A couple of people have told me recently that Microsoft's Bing is better than Google. What with this, and Wolfram Alpha I wondered if there's been any real progress on smart search.

So today I had a question, how to move my Amazon.com wishlist over to Amazon.co.uk.

This is, admittedly, a tough question, which is hard to search the answer to. And as of today, Google is hopeless. But neither Bing nor Wolfram Alpha seem any closer.

Frankly, I don't see much room for improvement over the Google method without solving the A.I. problem, but as we're still 50 years (as always) away from solving that, I won't be holding my breath.

1 comment:

John Powers said...

I know I'm an oddball, but I do find the clustering idea at the Clusty search engine has utility for me.
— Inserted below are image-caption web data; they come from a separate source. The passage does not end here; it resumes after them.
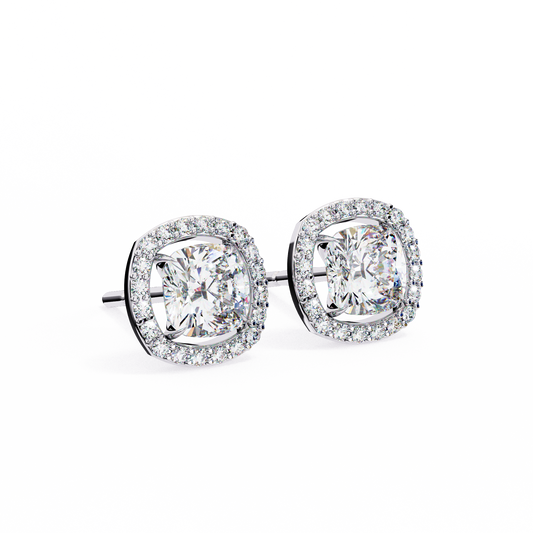 2.25 CT Cushion Cut & Round Cut Halo Diamond Stud Earrings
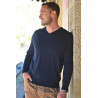 Pull coton homme senior col pointe confortable coloris marine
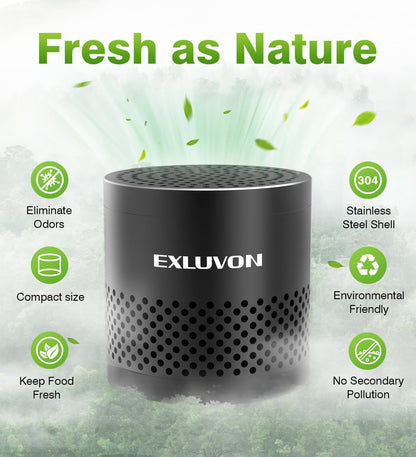 Refrigerator Deodorizer, Fridge Odor Eliminator Lasts for 10 Years, Household Essentials Fridge Smell Eliminator, More Effective Than Baking Soda and Bamboo Charcoal Air Purifying Bag, Black
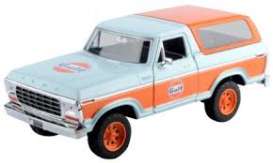 Ford  - Bronco 1978 light blue/orange - 1:24 - Motor Max - 79662 - mmax79662 | The Diecast Company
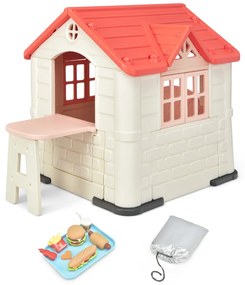 Casa de Brincar Infantil com Janelas Porta Dupla com 7 Brinquedos Interior / Exterior Cobertura Impermeável 164 x 124 x 132 cm Rosa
Clusty doesn't try to answer questions, but by grouping results provides some additional information about the types of things people are looking for with those search terms.

For example I discovered people with both Amazon.com and Amazon.co.uk wishlists (one of them was a coder). Also a way to format Amazon Wishlist for Greazemonkey, so if you have multiple pages the script will pull all of them.

Maybe it's because I'm accustomed to viewing searches at Clusty, but it seemed as though I got more useful information there than at Bing.

OT I've been using the Chrome browser. I like that I can choose the search engine. I've resisted Bing because with other MS products, it seems just trying them resets computer settings. Having tried Bing now, I'm glad there doesn't seem any stealth to force you to use it.